In the material below, the required lines run from the one containing "Ốp lưng Silicon TPU cho Wiko TOMMY" through the one containing "Moldura Farol De". Copy those lines exactly, ends included, and nothing else.
=====
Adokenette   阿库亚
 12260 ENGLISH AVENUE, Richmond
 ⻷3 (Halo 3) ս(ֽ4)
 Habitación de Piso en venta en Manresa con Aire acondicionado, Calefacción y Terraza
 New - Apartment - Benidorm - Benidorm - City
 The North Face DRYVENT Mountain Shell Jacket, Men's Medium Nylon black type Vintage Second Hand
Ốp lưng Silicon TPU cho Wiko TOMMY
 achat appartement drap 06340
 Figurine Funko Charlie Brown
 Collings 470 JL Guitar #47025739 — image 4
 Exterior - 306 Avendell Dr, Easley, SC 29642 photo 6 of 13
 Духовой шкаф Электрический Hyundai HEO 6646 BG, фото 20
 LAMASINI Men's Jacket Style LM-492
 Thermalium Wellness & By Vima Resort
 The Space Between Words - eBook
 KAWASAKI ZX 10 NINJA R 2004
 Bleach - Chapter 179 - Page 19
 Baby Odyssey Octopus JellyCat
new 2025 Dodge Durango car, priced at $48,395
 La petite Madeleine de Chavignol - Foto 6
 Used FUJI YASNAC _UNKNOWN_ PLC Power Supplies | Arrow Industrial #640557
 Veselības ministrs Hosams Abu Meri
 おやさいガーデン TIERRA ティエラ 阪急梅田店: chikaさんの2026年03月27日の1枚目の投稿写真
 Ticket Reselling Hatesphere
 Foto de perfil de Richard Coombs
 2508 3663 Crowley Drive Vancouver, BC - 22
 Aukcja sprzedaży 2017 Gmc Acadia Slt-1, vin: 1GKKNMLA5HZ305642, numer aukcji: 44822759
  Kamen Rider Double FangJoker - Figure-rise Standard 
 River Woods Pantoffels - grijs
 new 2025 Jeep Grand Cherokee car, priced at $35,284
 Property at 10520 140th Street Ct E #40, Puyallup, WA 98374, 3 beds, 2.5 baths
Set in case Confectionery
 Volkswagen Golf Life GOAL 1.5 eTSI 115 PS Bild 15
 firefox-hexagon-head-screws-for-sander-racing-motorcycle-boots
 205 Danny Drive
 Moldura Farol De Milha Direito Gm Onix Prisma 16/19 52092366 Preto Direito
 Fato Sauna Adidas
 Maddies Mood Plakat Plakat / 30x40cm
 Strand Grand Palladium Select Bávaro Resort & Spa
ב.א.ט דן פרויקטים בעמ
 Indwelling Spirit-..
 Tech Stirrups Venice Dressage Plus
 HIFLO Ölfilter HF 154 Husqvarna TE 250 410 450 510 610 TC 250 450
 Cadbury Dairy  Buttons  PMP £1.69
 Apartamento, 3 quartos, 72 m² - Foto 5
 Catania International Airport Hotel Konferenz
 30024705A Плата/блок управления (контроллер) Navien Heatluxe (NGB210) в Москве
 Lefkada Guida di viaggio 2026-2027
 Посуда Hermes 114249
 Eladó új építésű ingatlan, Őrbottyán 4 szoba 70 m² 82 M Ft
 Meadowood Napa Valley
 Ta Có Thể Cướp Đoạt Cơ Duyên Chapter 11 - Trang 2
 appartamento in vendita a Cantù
=====
Solution to this exercise
Ốp lưng Silicon TPU cho Wiko TOMMY
 achat appartement drap 06340
 Figurine Funko Charlie Brown
 Collings 470 JL Guitar #47025739 — image 4
 Exterior - 306 Avendell Dr, Easley, SC 29642 photo 6 of 13
 Духовой шкаф Электрический Hyundai HEO 6646 BG, фото 20
 LAMASINI Men's Jacket Style LM-492
 Thermalium Wellness & By Vima Resort
 The Space Between Words - eBook
 KAWASAKI ZX 10 NINJA R 2004
 Bleach - Chapter 179 - Page 19
 Baby Odyssey Octopus JellyCat
new 2025 Dodge Durango car, priced at $48,395
 La petite Madeleine de Chavignol - Foto 6
 Used FUJI YASNAC _UNKNOWN_ PLC Power Supplies | Arrow Industrial #640557
 Veselības ministrs Hosams Abu Meri
 おやさいガーデン TIERRA ティエラ 阪急梅田店: chikaさんの2026年03月27日の1枚目の投稿写真
 Ticket Reselling Hatesphere
 Foto de perfil de Richard Coombs
 2508 3663 Crowley Drive Vancouver, BC - 22
 Aukcja sprzedaży 2017 Gmc Acadia Slt-1, vin: 1GKKNMLA5HZ305642, numer aukcji: 44822759
  Kamen Rider Double FangJoker - Figure-rise Standard 
 River Woods Pantoffels - grijs
 new 2025 Jeep Grand Cherokee car, priced at $35,284
 Property at 10520 140th Street Ct E #40, Puyallup, WA 98374, 3 beds, 2.5 baths
Set in case Confectionery
 Volkswagen Golf Life GOAL 1.5 eTSI 115 PS Bild 15
 firefox-hexagon-head-screws-for-sander-racing-motorcycle-boots
 205 Danny Drive
 Moldura Farol De Milha Direito Gm Onix Prisma 16/19 52092366 Preto Direito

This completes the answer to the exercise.